Sept ans plus tard, en août 2020, j’étais allongée sur la chaise d’un autre tatoueur – cette fois à Crown Heights, Brooklyn – tandis qu’il m’encrait un tourbillon de bleus, de jaunes et de verts sur la cuisse pour former la forme d’une moule. Cette fois, j’étais dans ma propre ville, avec beaucoup de mes amis à dix minutes à pied, mais la solitude me hantait toujours. J’avais passé les cinq mois précédents seul dans le nord de l’État de New York, en essayant de ne pas me plaindre de ma solitude alors que je savais la chance que j’avais eue d’échapper à la pandémie de COVID-19 avec une santé, un emploi et un logement sûrs. J’étais devenue une sorte d’étrangère à moi-même au cours de ces cinq mois, mon corps grandissant et changeant à mesure qu’un ancien trouble de l’alimentation refaisait surface ; mon estomac était coupé en deux par des vergetures rouges et violettes à l’air furieux que j’ai dû travailler très dur pour accepter, et j’ai cherché mon tatouage de moule comme un moyen de récupérer ce qui me semblait soudainement inconnu et hors de contrôle.

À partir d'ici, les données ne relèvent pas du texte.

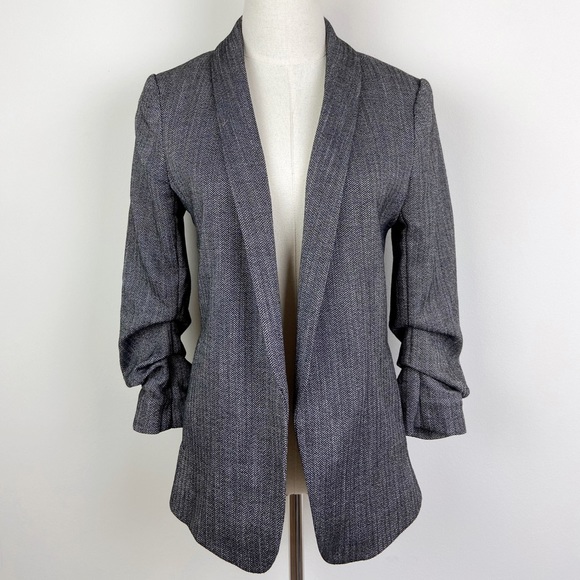 H & M Herringbone Gathered-Sleeve Open Front Blazer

Ce ne sont là que deux des occasions où le tatouage m’a brièvement sauvé, en me fournissant un scénario alternatif pour la façon dont je voyais mon identité, mon corps, et ma présence physique et spirituelle dans le monde. Le fait de sortir de l’anonymat à 24 ans a bouleversé ma compréhension de qui j’étais ; tout à coup, j’avais de nouveaux amis, de nouveaux rendez-vous, de nouveaux vêtements et une toute nouvelle façon de me voir, et lorsque je me sentais un peu dépassée, j’économisais mon argent et je prenais rendez-vous pour un tatouage, laissant la piqûre de l’aiguille transformer mon corps en quelque chose qui ressemblait à ma maison. Plus récemment, un homme d’à peu près mon âge, à l’air dur et très encré lui-même, m’a tatoué une esquisse d’Egon Schiele ouvertement saphique sur le haut du bras avant que je n’aille retrouver des amis à la réouverture du Cubbyhole ; peu de temps après, je lui donnais un bref historique des quelques bars lesbiens restants de la ville, profitant de la camaraderie fiable – bien que momentanée – qui vient quand on fait confiance à quelqu’un pour modifier son apparence de façon permanente.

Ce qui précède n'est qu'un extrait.